[Start of section]
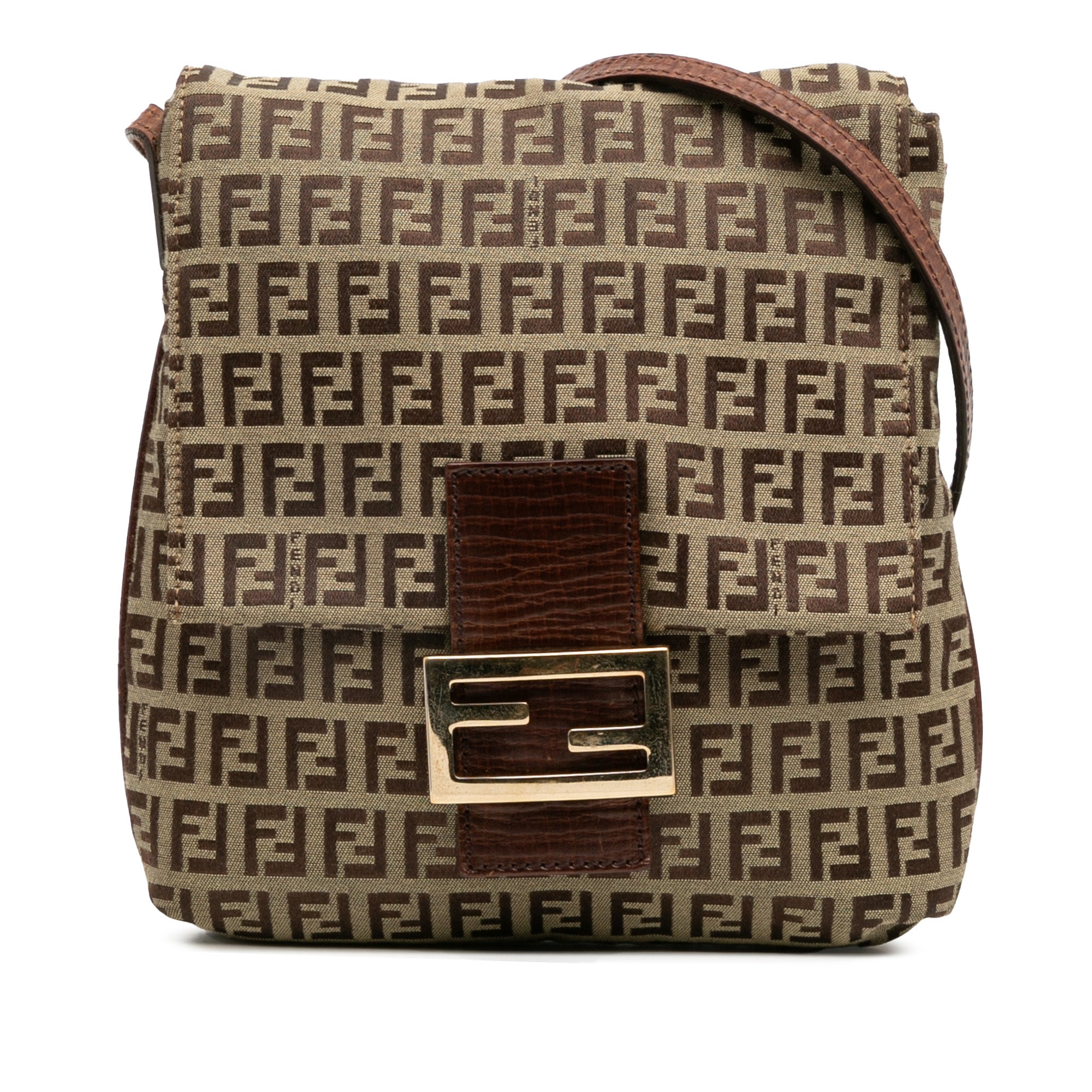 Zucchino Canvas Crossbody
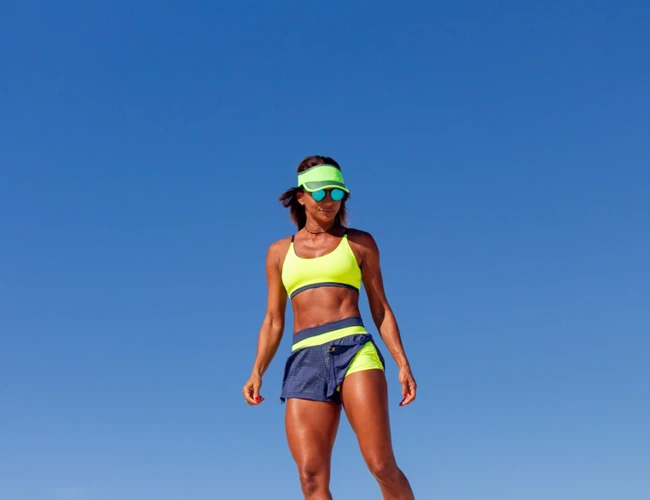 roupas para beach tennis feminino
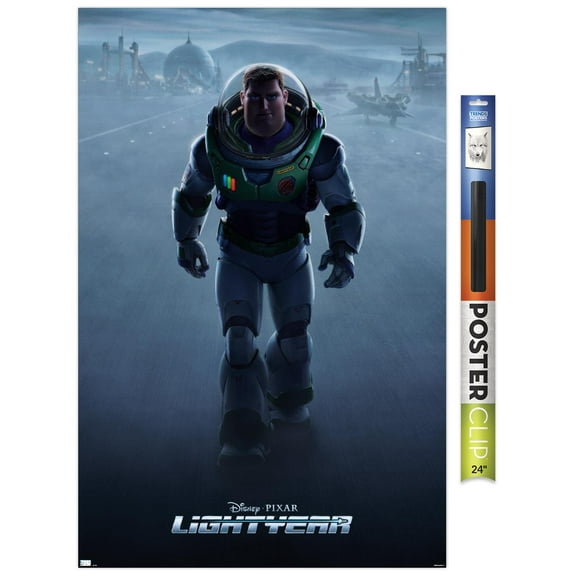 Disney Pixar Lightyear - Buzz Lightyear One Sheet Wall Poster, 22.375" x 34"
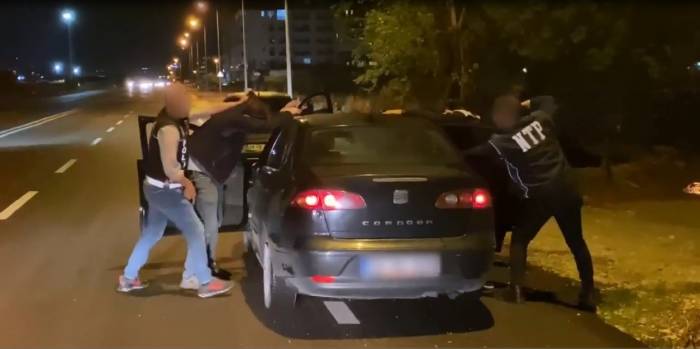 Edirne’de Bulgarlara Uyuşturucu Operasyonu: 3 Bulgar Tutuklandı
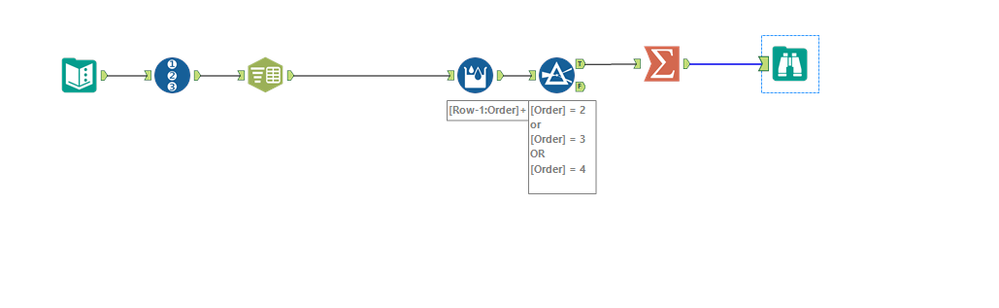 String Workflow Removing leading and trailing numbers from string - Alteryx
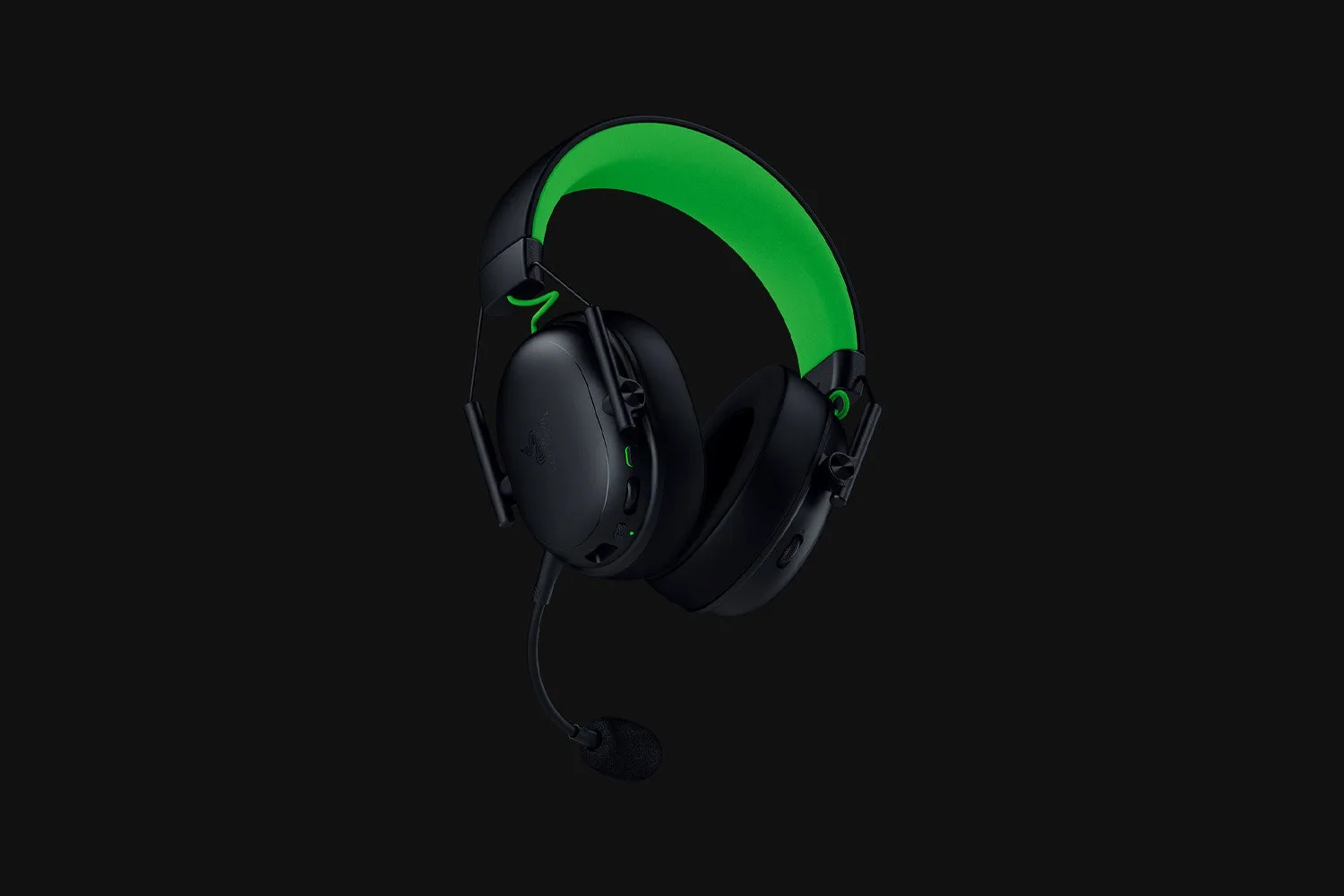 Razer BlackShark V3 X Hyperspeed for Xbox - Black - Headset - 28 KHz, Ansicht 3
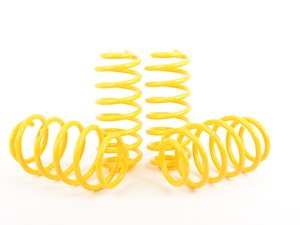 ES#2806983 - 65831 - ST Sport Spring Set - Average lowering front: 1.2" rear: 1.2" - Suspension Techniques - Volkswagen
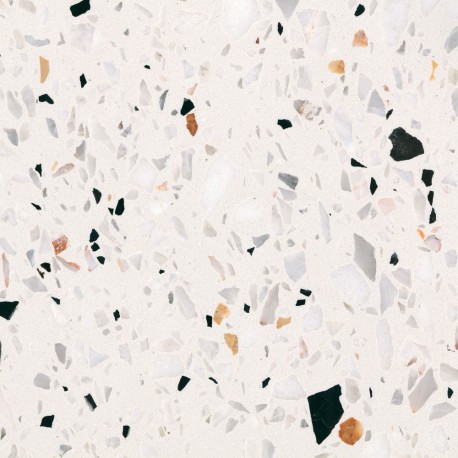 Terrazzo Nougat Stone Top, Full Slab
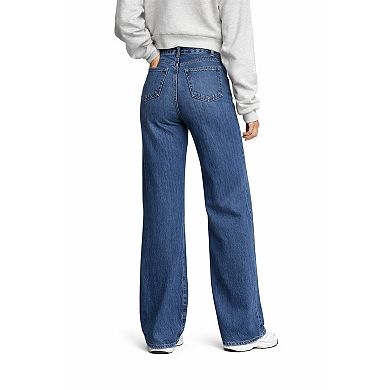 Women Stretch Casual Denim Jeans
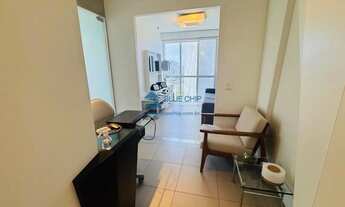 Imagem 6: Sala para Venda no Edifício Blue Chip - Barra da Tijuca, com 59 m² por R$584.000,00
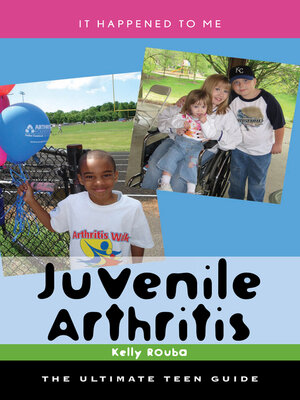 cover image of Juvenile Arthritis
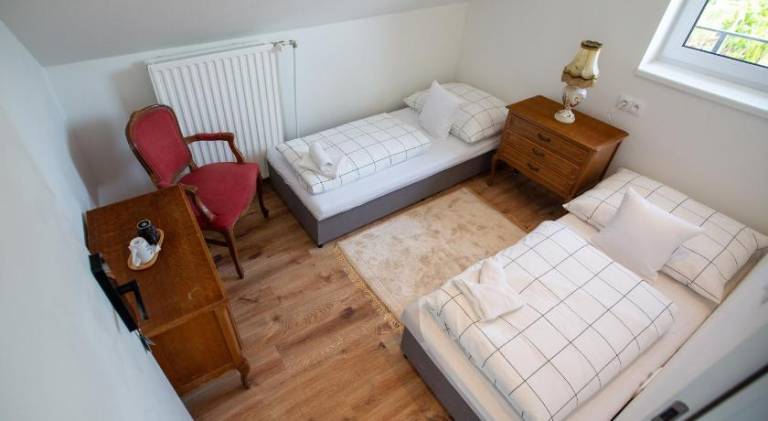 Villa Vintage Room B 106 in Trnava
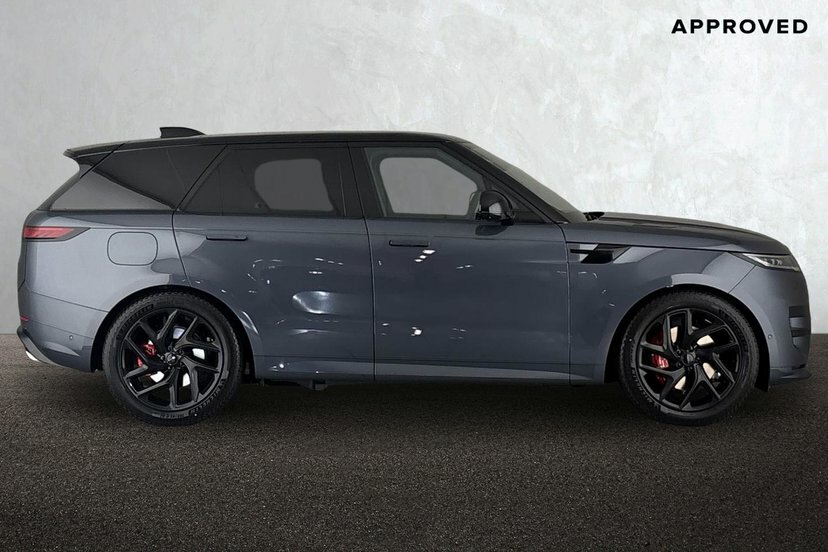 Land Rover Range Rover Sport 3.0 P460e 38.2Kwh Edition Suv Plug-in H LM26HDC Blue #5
[End of section]
What the task requires: Without including any pictures, set down word for word every line from the one containing "Women Stretch Casual Denim Jeans" through the last line of the material.

Output of the task:
 Women Stretch Casual Denim Jeans
 Imagem 6: Sala para Venda no Edifício Blue Chip - Barra da Tijuca, com 59 m² por R$584.000,00
 cover image of Juvenile Arthritis
 Villa Vintage Room B 106 in Trnava
 Land Rover Range Rover Sport 3.0 P460e 38.2Kwh Edition Suv Plug-in H LM26HDC Blue #5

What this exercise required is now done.